*** Dataset entries Section Begins ***
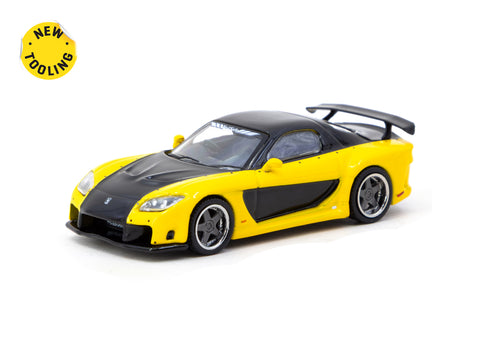 1/64 Tarmac T64G-075-YE Mazda RX-7 VeilSide Fortune7 Yellow/ Black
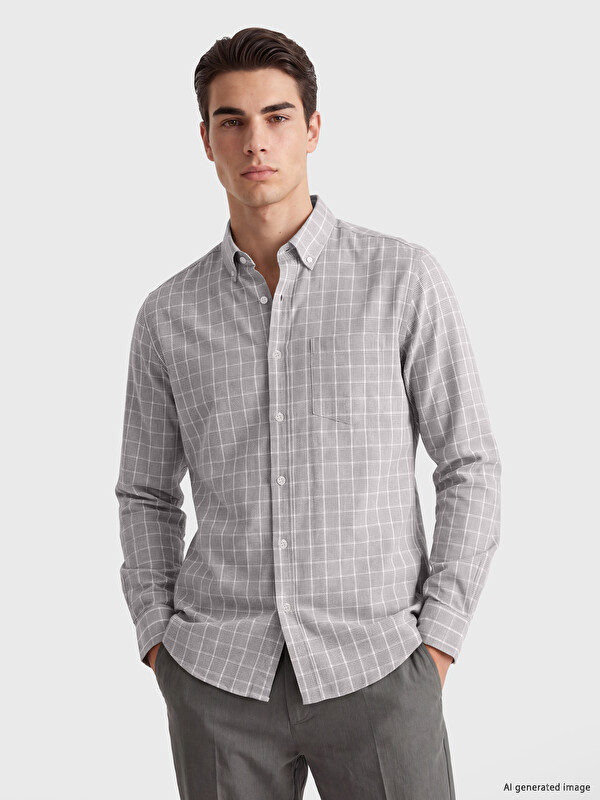 LCW BUSINESS Standard Plaid Gabardine Men's Shirt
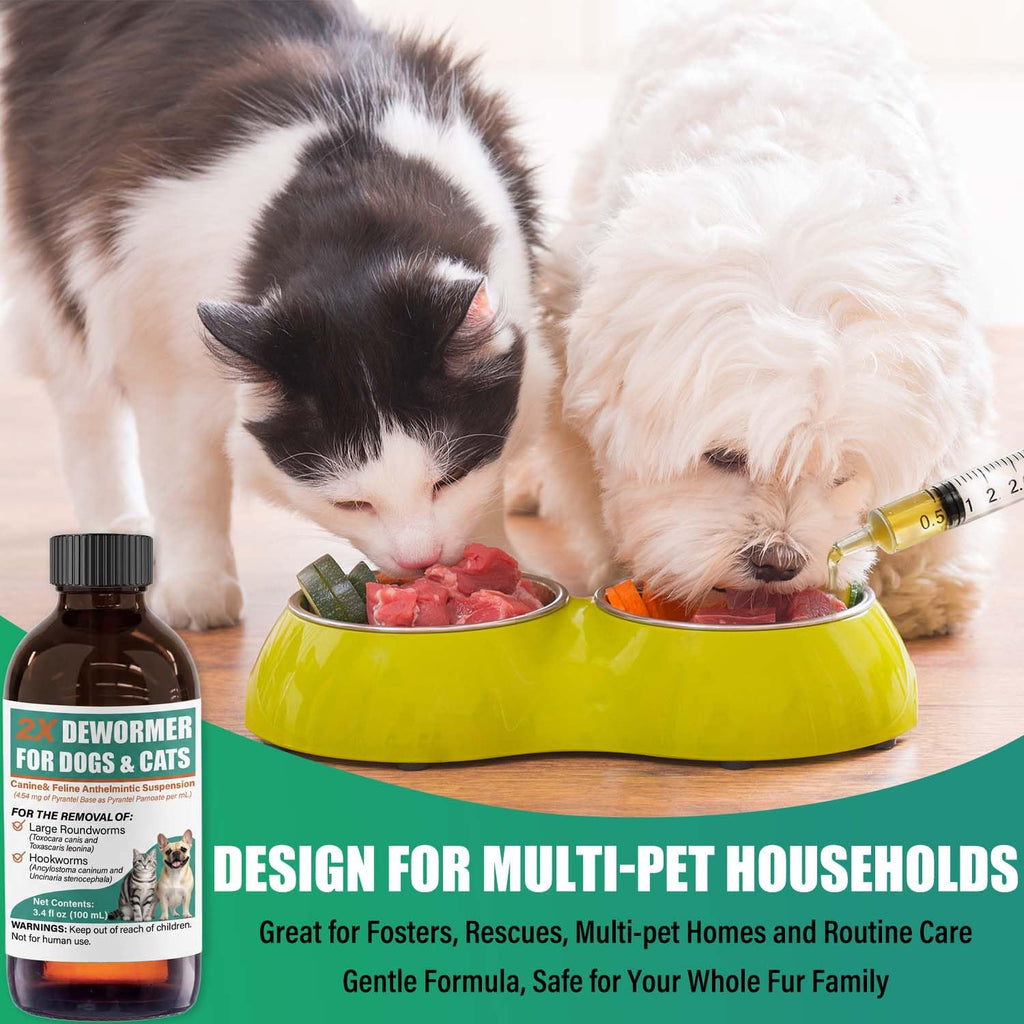 Liquid Dewormer 2X for Dogs & Cats, Pyrantel Pamoate Oral Liquid for Large Roundworms & Hookworms, 100 mL W4037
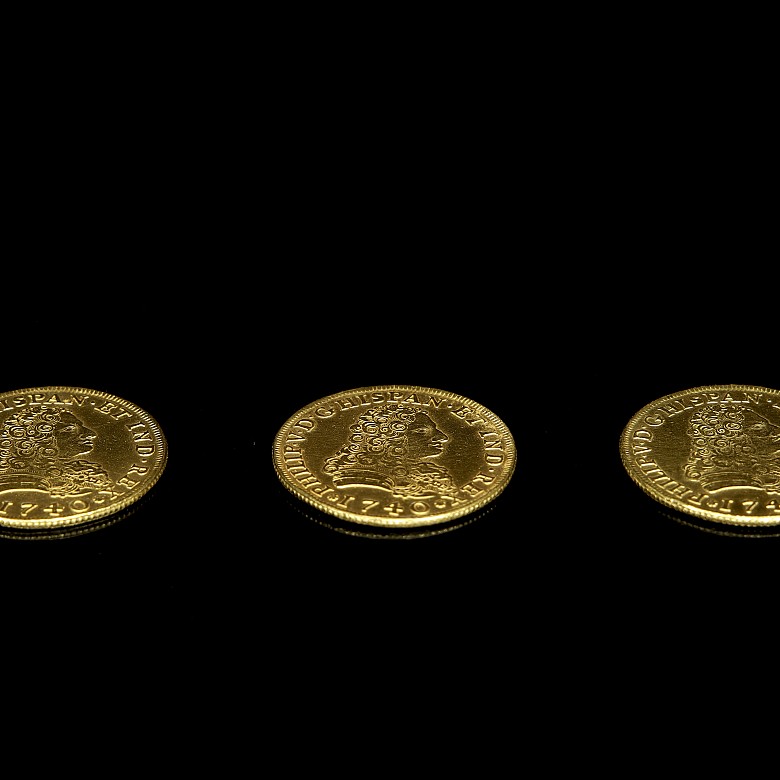 Three Gold Coins ‘Philippe V de Bourbon’, Mexico 18th century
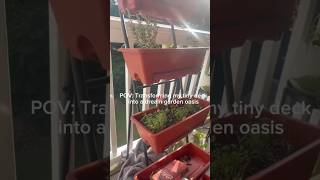 Transforming my tiny deck into my dream Oasis 🌱 #deck #patiodesign #diy #fy #herbs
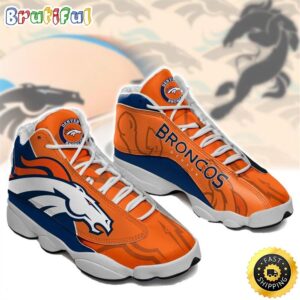 NFL Denver Broncos Orange Air Jordan 13 Sneaker Shoes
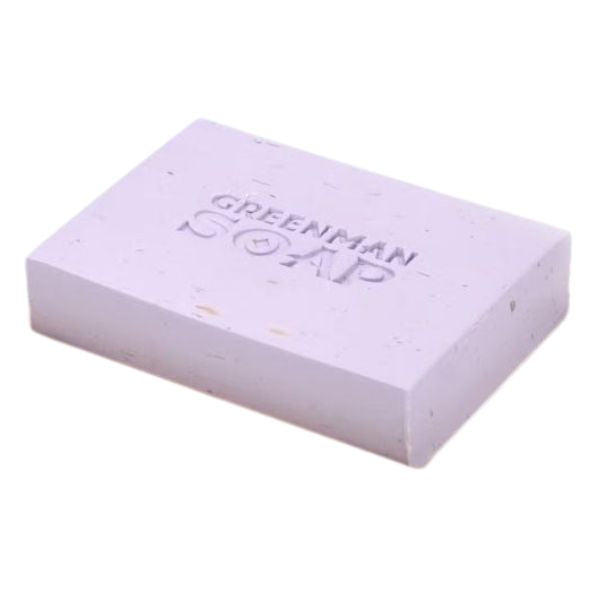 Bar of soap with 'Greenman Soap' branding on a white background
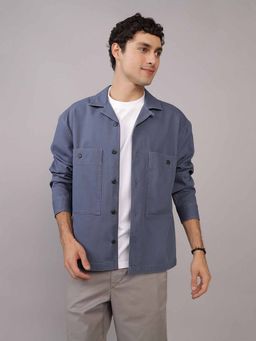 American Eagle - Men Blue Ae Utility Shirt Jacket
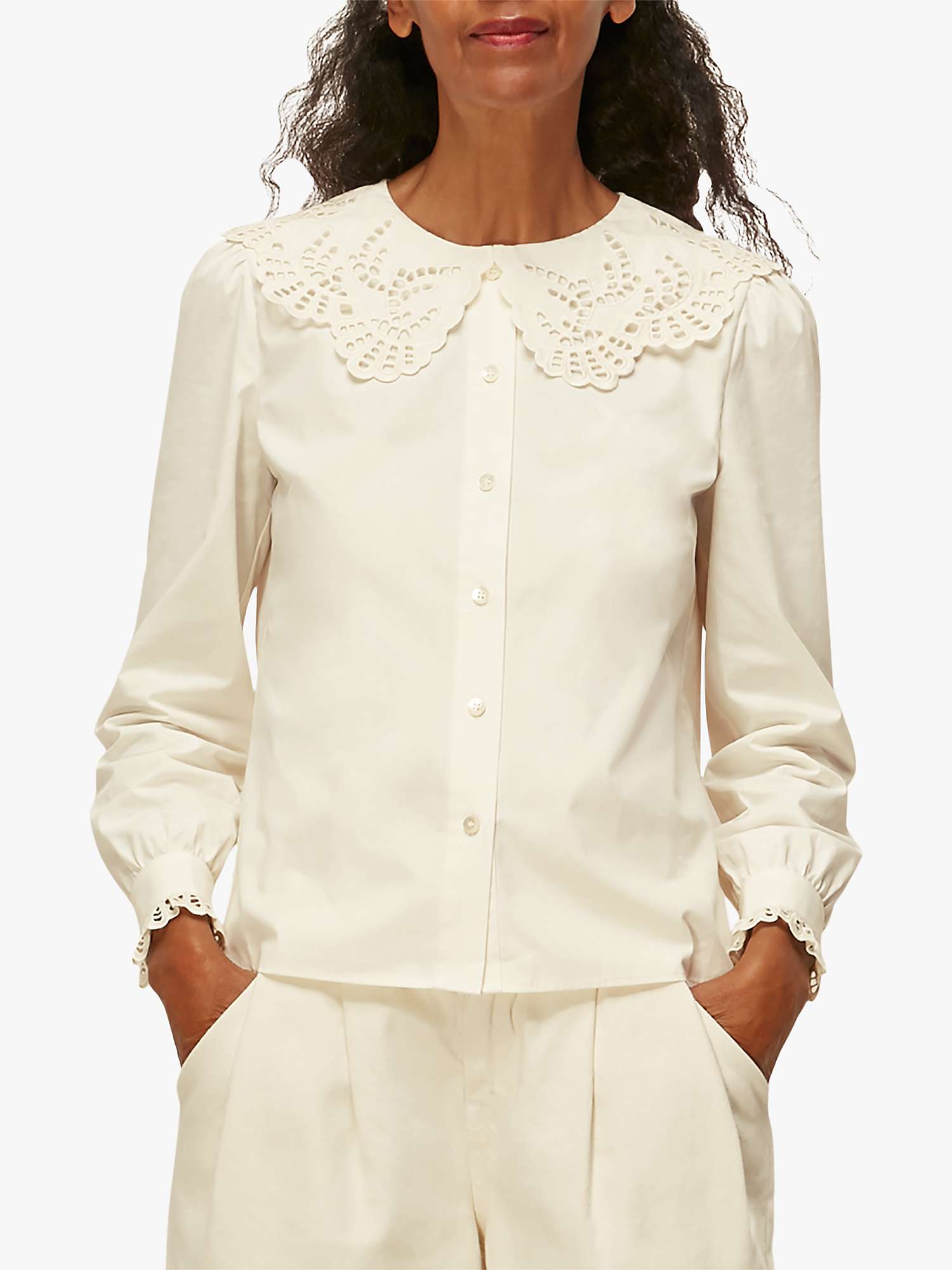 Whistles Lace Collar Cotton Blouse, Ivory at John Lewis  Partners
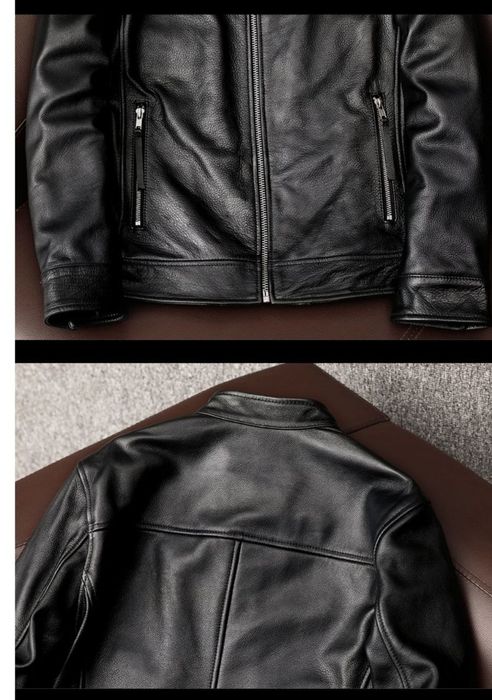 Шкіряна куртка теляча стильна чоловіча з коміром стійкою Дніпро.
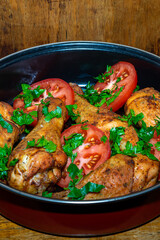 Homemade chicken leg. Festive chicken dish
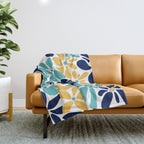 Abstract Flower, Yellow, Navy, Teal Throw Blanket Gallery Image 1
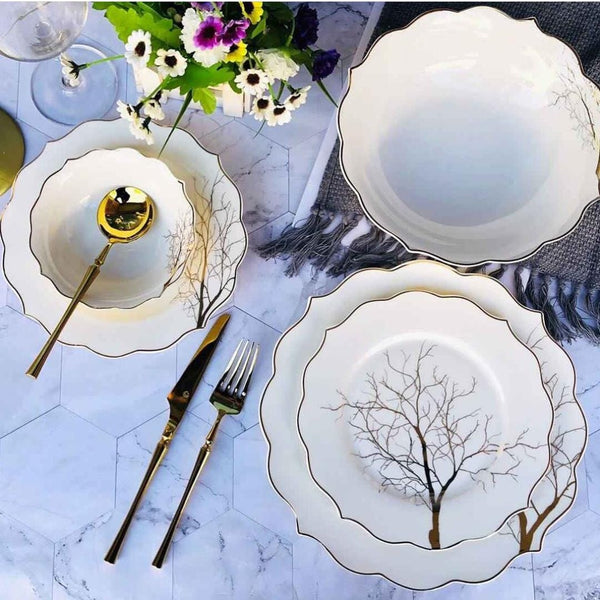 ZELLERFELD Tafelservice weiß mit goldenem Baum-Motiv 25 Teile 6 Personen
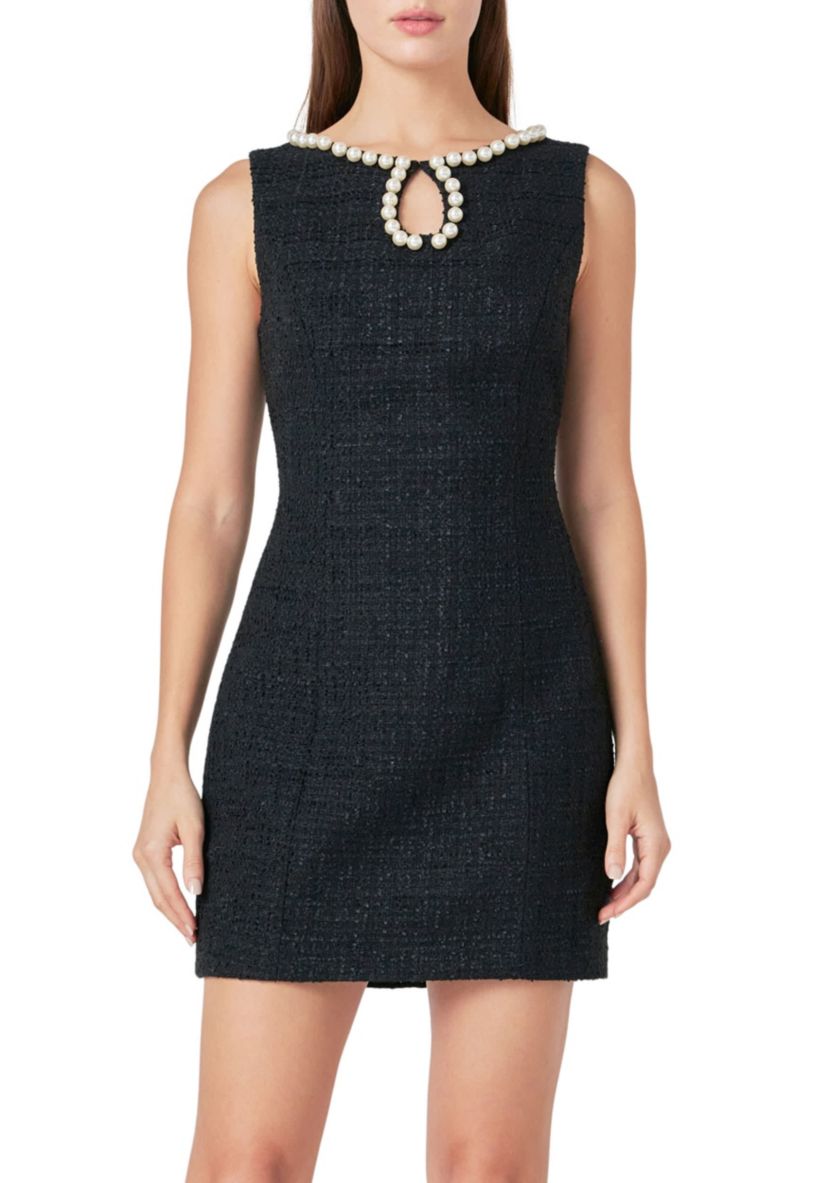 Pearl Accented Cutout Mini Dress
*** Dataset entries Section Ends ***
### Exercise prompt
In the listing above, find the line containing "Bar of soap" and the line containing "Abstract Flower, Yellow, Navy, Teal", then print exactly those two lines and every line between them, minus the pictures.

### Task response
 Bar of soap with 'Greenman Soap' branding on a white background
 American Eagle - Men Blue Ae Utility Shirt Jacket
 Whistles Lace Collar Cotton Blouse, Ivory at John Lewis  Partners
 Шкіряна куртка теляча стильна чоловіча з коміром стійкою Дніпро.
 Homemade chicken leg. Festive chicken dish
 Abstract Flower, Yellow, Navy, Teal Throw Blanket Gallery Image 1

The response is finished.